The simplicity of the story will not stop Liz Cheney, or her allies in the media, from trying to build a greater narrative, apparently as preparation for a potential presidential campaign. They will portray Cheney as a martyr, crushed by overwhelming forces, ignoring that she massively outraised her rival and had the support of big donors and K Street. Her supporters include a “who’s who” of big finance, including Blackstone, Coinbase, Forbes, CVS, and even the National Mining Association.

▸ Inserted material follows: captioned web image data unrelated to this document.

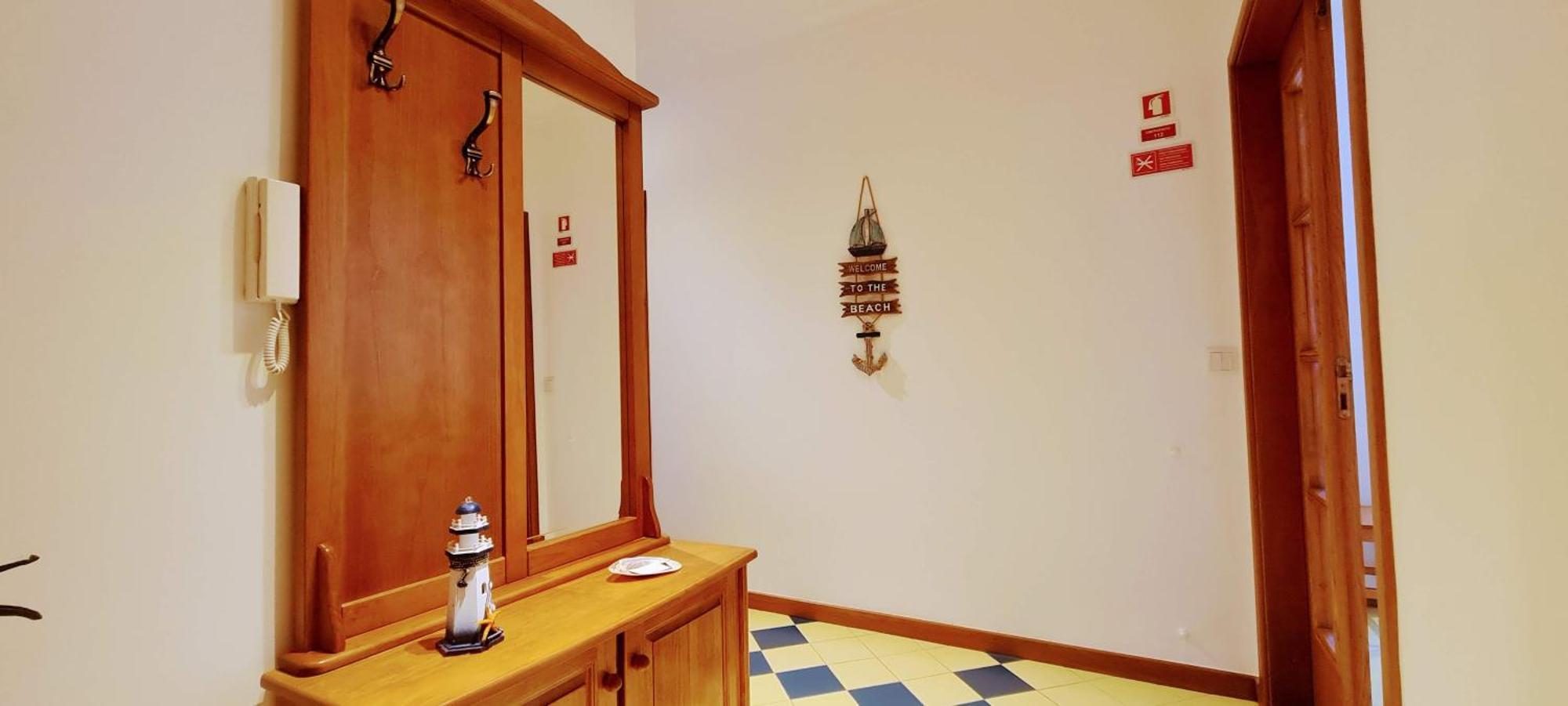 Seashell Bay - Beach House - Sao Martinho do Porto Ngoại thất bức ảnh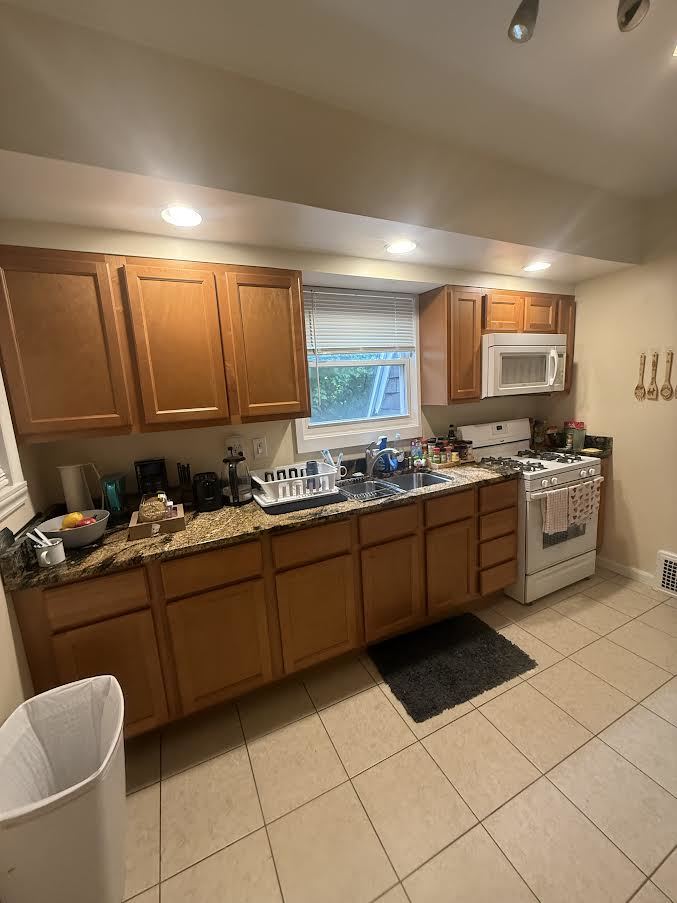 5364 North Latrobe Avenue Chicago IL 60630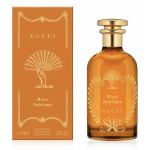 парфюм Gucci Rosa Sublime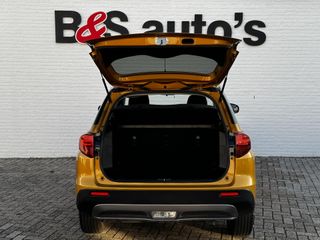 Voertuigafbeelding 40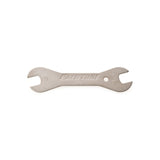 Park Tool Double Ended Cone Wrench 13/14MM DCW-1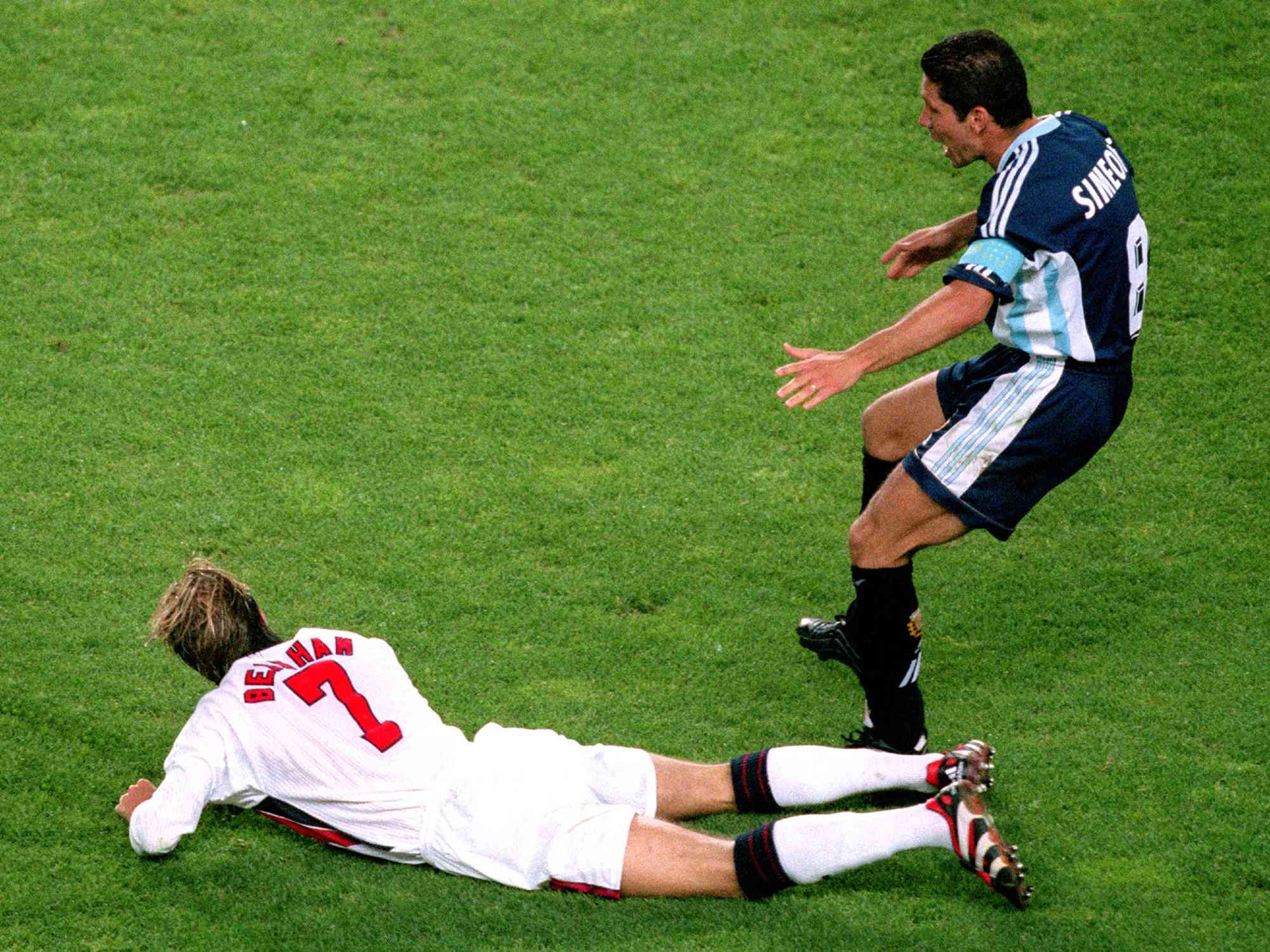 1998 david beckham 0053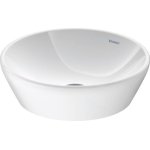       Duravit D-Neo Umywalka ⌀40 biały 2371400070 W MAGAZYNIE!!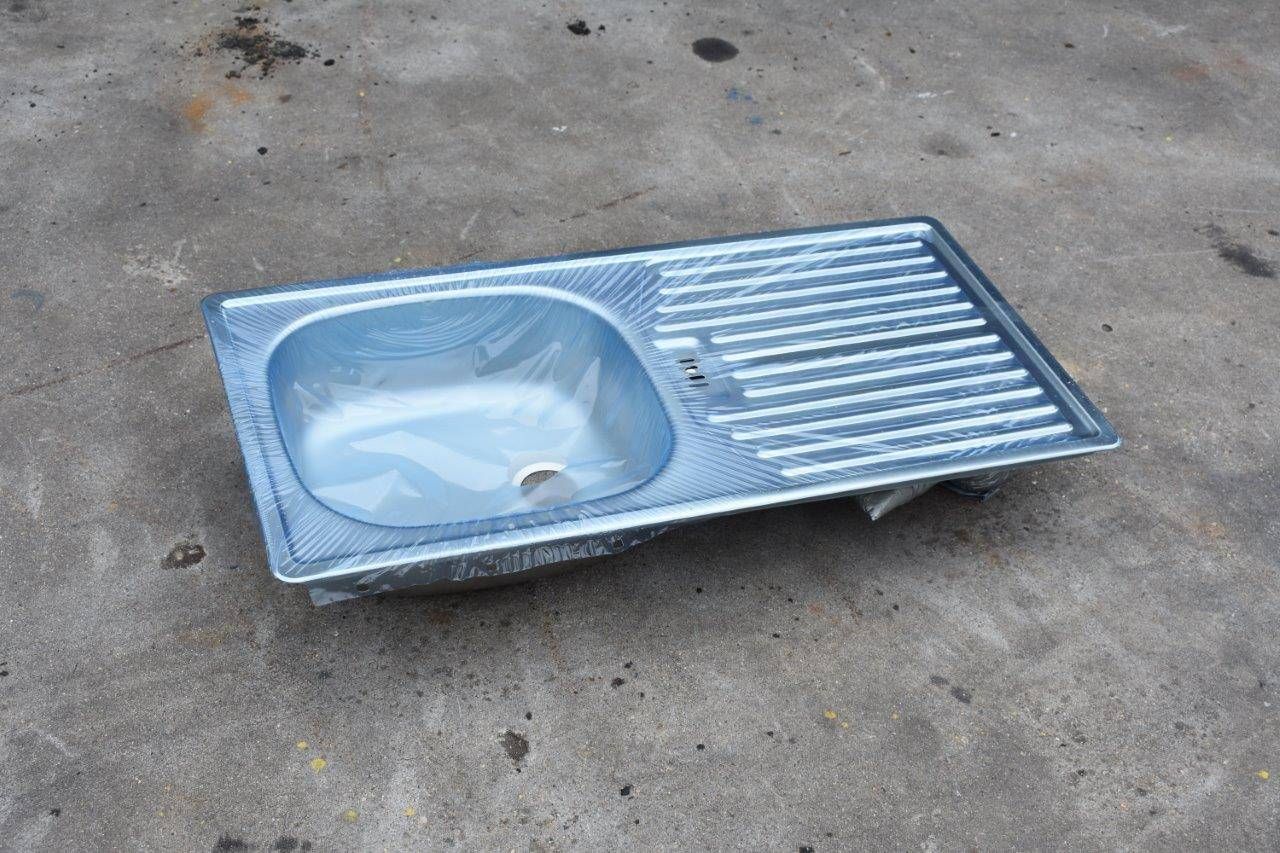 Party Sinks New 14 pieces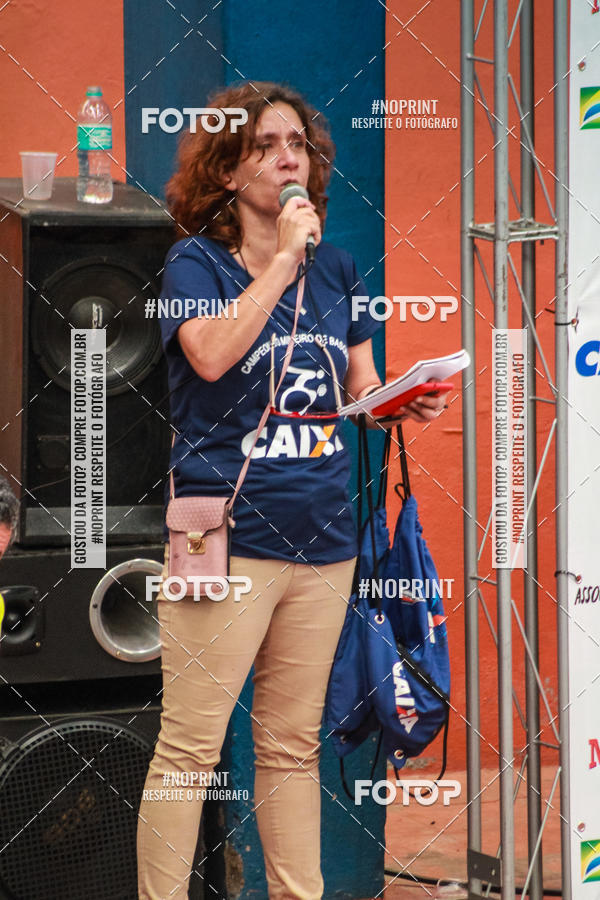 Acquista le foto dell'eventoCAMPEONATO MINEIRO BASQUETE SOBRE RODAS 2019 in Fotop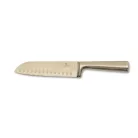 Berlinger Haus Santoku Kés 17,5 cm BH-2829 Sahara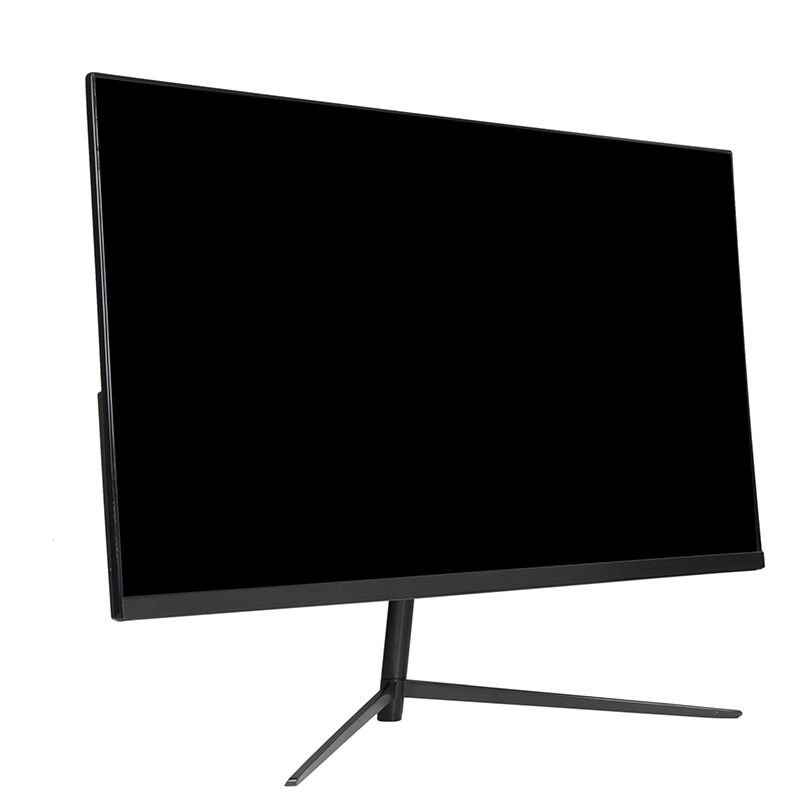 Esports Gaming Monitor - Monitor Esports de 27 polegadas -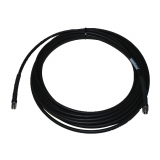 Beam Iridium GPS Cable Kit 9m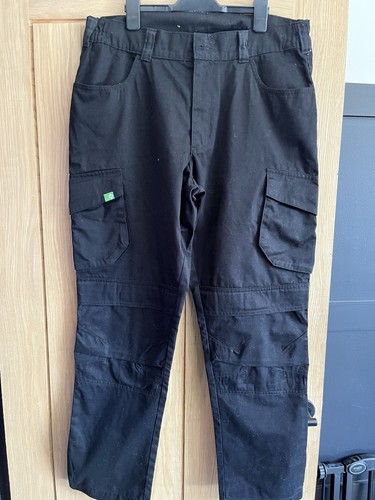 Arco men safety workwear - arco, men’s
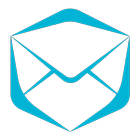 Portal Postal icon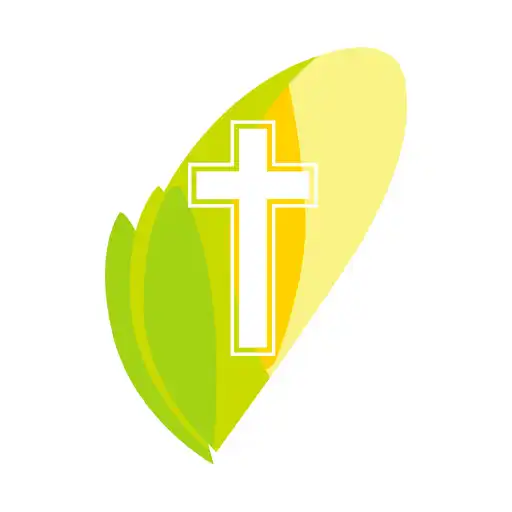 Play Nuevos Comienzos Ministry APK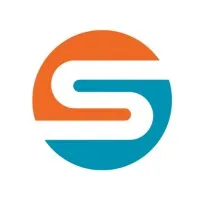 SYNERGIE OCEAN INDIEN (SOI)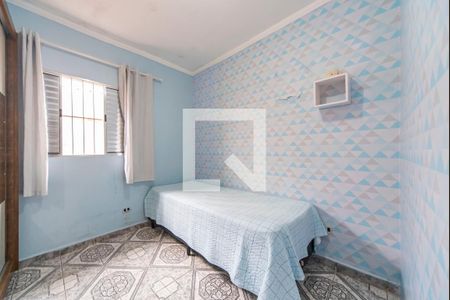 Casa para alugar com 115m², 3 quartos e 2 vagas Casa para alugar com 115m², 3 quartos e 2 vagasQuarto 1
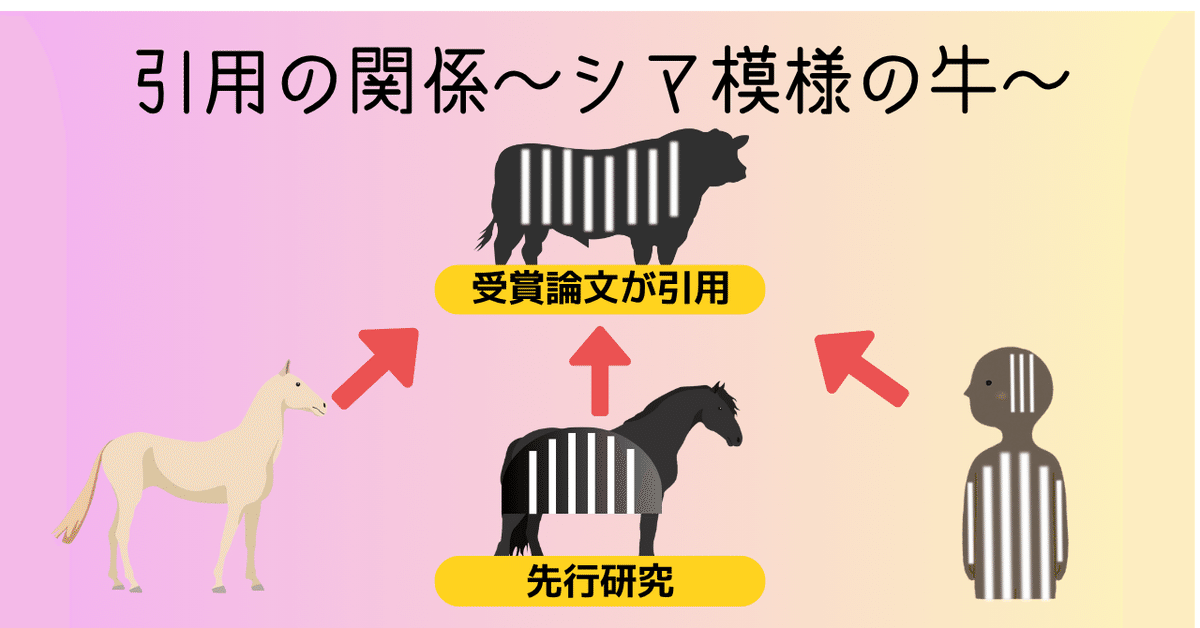 image_s018.png
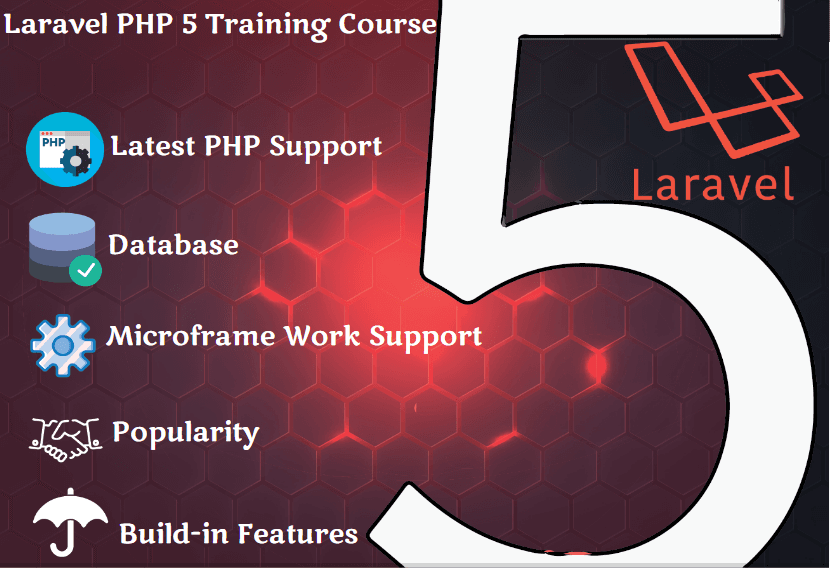 Job Oriented PHP Laravel Institute in Delhi, SLA Training Institute, Git, WordPress, Live Project Training, 100% Job — photo 1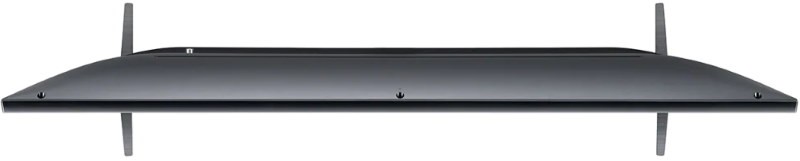 Телевизор LG 50UQ7600, 50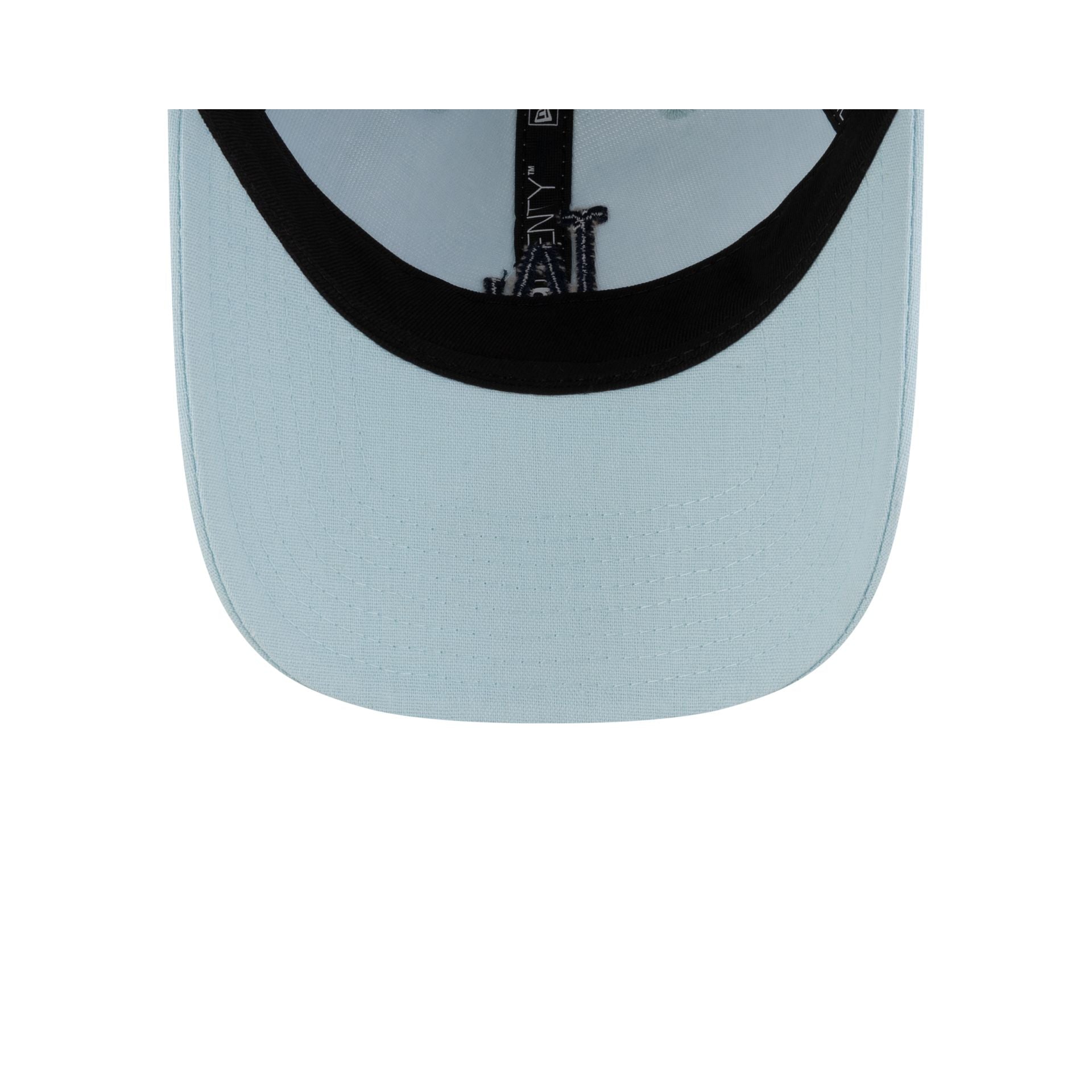 60667617_9TWENTY_TRUCK_EMEA_SS25_LOSDOD_RYL_UV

Nor was Cheney crushed because she revolted on one vote. Lisa Murkowski – who voted in the Senate to convict Trump last year – also faced challengers this week, and currently leads her strongest by a margin of 44% to 41%. With a Democrat taking 6%, Murkowski will likely be a narrow favorite in November given Alaska’s complex top-four voting system. But Murkowski, after supporting impeachment, did not double and triple down by becoming a mouthpiece for Democrats in their effort to demonize every Trump voter and turn January 6th into the new 9/11.

Cheney is also not the only one who chose this path. So too did Democrats by embracing her. Consider once again her donors: Coinbase, Forbes, Blackstone, the National Mining Association. Consider even her last name, Cheney, and ask yourself why genuinely liberal voters, not “woke” ideologues, but voters who distrust the power of corporations, worry about pollution, not abstractions, and care about the elderly being scammed out of their savings would look at this list and say, “This is who our party should be identifying with?”

There are many causes for the collapse in support for the Biden administration and the Democratic party. They include policy failures across the board, the clear unfitness of the President for office, and a worsening economic and social situation the party seems indifferent to at best. At a deeper level, the Cheney drama shows that Democrats have made a strategic choice not to move to the left or right per se, but to define the breadth of their coalition by how many different elites they bring together. Democrats in D.C. and the media genuinely cannot understand why they are charged with being “far left” when they have come to embrace Dick Cheney, Bill Kristol, and other neoconservative luminaries. Does that not show how large their tent is?

The problem is that politics is not merely about how broad your invite list for parties is. If it was, then Democrats might have some claim to being inclusive of everyone willing to respect neopronouns, a major shift from the Bush-era of the mid-2000s. But as Democrats have become more inclusive of elites by simple virtue of being elites, they have become less representative of everyone else.

The major story of the 2020 election and every special election since has been Democrats losing support among previously core voter groups. Having lost working-class white voters between 2012 and 2016, they are now losing Hispanics, Asian Americans, and increasingly African American men. The unifying reason is that Democrats are making it clear they care more about Liz Cheney and her father showing up to their cocktail parties than about the thousands of Americans who died in Iraq, the tens of thousands crippled, or the trillions spent in the Middle East. Provided someone is willing to denounce Donald Trump, they are happy to embrace anyone.

It is hard to imagine one voter who was not already a Democrat who will be swung over to support the party by the endorsement of the Cheneys or their attack on Donald Trump. On the other side, it is possible to imagine countless left-leaning individuals who remember the Bush-Cheney years. Democrats may well have taken the black vote for granted when they recalled Kanye West saying, “George Bush does not care about black people,” but now those individuals who supposedly “did not care” are being feted as heroes by Democrats as black communities burn, and as their schools remain crippled post-COVID.

Liz Cheney did not bring over any new voters for Democrats from 2020 this week. But she and her father seem primed to cost them quite a few elsewhere going forward. Republicans can only hope that this is the start, not the end, of her national political career.

Daniel Berman is a frequent commentator and lecturer on foreign policy and political affairs, both nationally and internationally. He holds a Ph.D. in International Relations from the London School of Economics. He also writes as Daniel Roman.